07 June 2023- Attorney General Michelle Henry is leading a coalition of 28 state Attorneys General calling on the Federal Communications Commission to clarify the federal rules requiring telemarketers to obtain consent between an individual consumer and one specific seller or business entity before making robocalls and texts.
The comment letter was filed on June 6 in response to an FCC notice of proposed rulemaking. In the notice, the FCC sought comment on a proposed amendment to its rule concerning prior express written consent under the Telephone Consumer Protection Act (TCPA), as well as proposals to strengthen protections against illegal text messages.
“Everyone knows spam robocalls and text messages are out of control,” Pennsylvania Attorney General Michelle Henry said. “We are asking the FCC to clarify consent requirements, so that consumers only get the calls and texts for which they actually enroll.”
The Attorneys General, in their letter, support the FCC’s proposal to formally clarify that National Do Not Call Registry protections apply to text messages.
The FCC is proposing to amend its rule concerning consent to close a so-called “lead generator loophole.” As stated in the letter, lead generators are entities that collect personal information (like telephone numbers) from consumers and sell it to third parties, who then use that information to solicit consumers to purchase goods or services.
A common lead generation practice is to offer to give the consumer a quote for a good or service online (like insurance products), and in order to receive the quote, the consumer has to agree to receive calls and/or texts from the lead generator’s marketing partners, which often include thousands of different businesses offering numerous different goods or services.

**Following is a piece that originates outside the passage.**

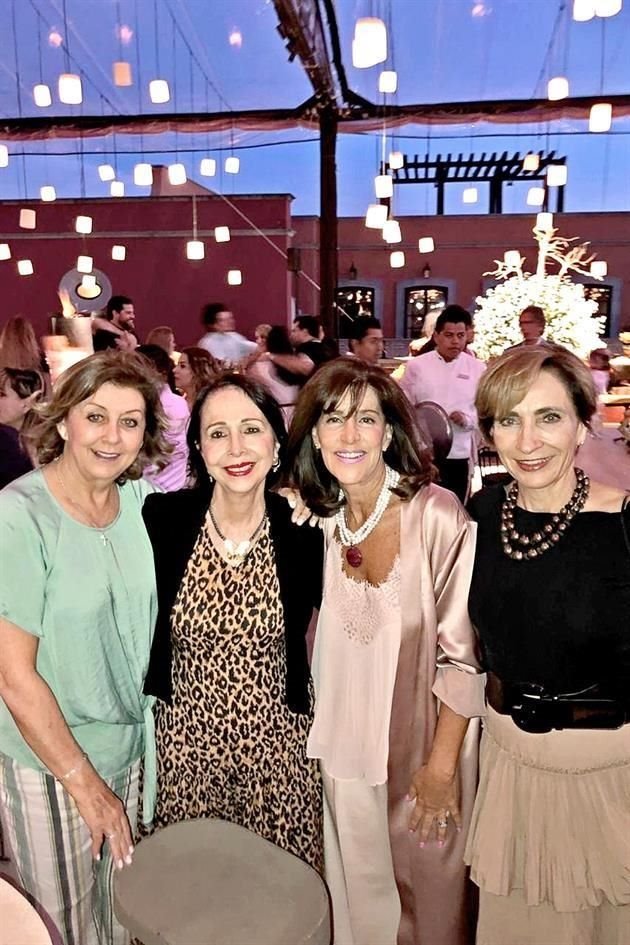 Silvia Rodríguez, Lourdes de la Garza, Christine Ancira de Durán y Paty de Leal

If these separate businesses are identified anywhere, it is usually on a separate webpage only accessible via a hyperlink.
The FCC’s proposed amendment adds language to the existing rule to allow a consumer to consent to robocalls and texts from multiple entities, provided the entities are “logically and topically associated” and are all listed on the webpage where the consumer provides consent.
The Attorneys General contend, in their letter, that the FCC’s proposed action could create more ambiguity and that, rather, clarification to existing single seller-to-individual consumer language would be more effective.
Joining in the letter are Attorneys General from Alabama, Alaska, Arizona, California, Colorado, Connecticut, Washington D.C., Illinois, Maine, Maryland, Massachusetts, Michigan, Minnesota, Mississippi, New Jersey, North Carolina, North Dakota, Ohio, Oklahoma, Oregon, Pennsylvania, South Carolina, Tennessee, Vermont, Virginia, Washington, Wisconsin, and Wyoming.